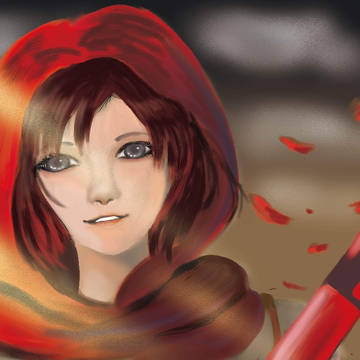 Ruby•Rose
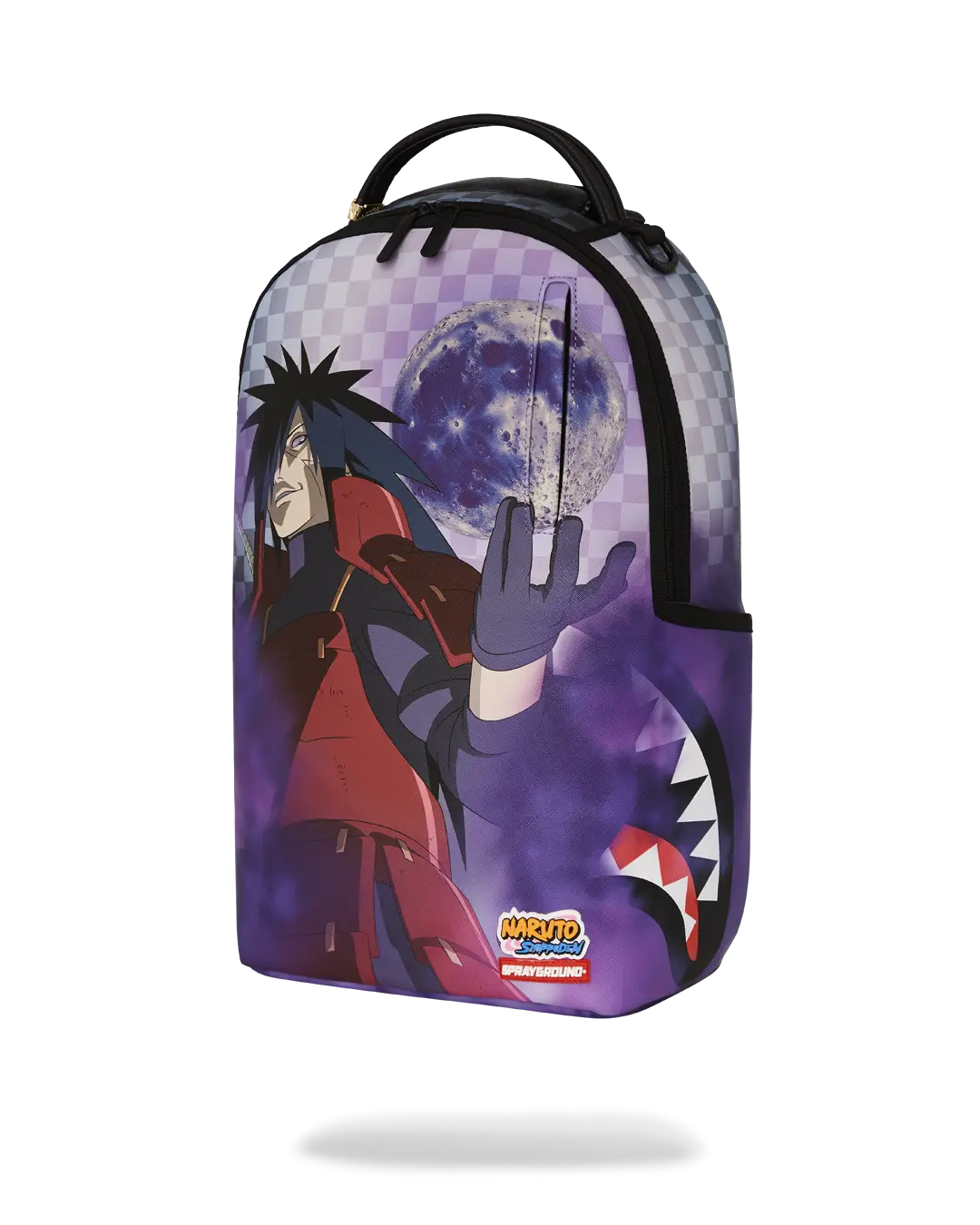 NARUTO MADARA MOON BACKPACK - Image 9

---

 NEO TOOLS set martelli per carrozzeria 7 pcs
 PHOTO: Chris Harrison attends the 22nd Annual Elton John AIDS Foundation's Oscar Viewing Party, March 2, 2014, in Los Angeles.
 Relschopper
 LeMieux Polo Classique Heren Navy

__What is being asked__. Copy word for word the stretch of entries above from the line that has "NEO TOOLS set martelli per carrozzeria 7 pcs" through the line that has "LeMieux Polo Classique Heren Navy", both ends included, and nothing outside it.

__Answer area__.
 NEO TOOLS set martelli per carrozzeria 7 pcs
 PHOTO: Chris Harrison attends the 22nd Annual Elton John AIDS Foundation's Oscar Viewing Party, March 2, 2014, in Los Angeles.
 Relschopper
 LeMieux Polo Classique Heren Navy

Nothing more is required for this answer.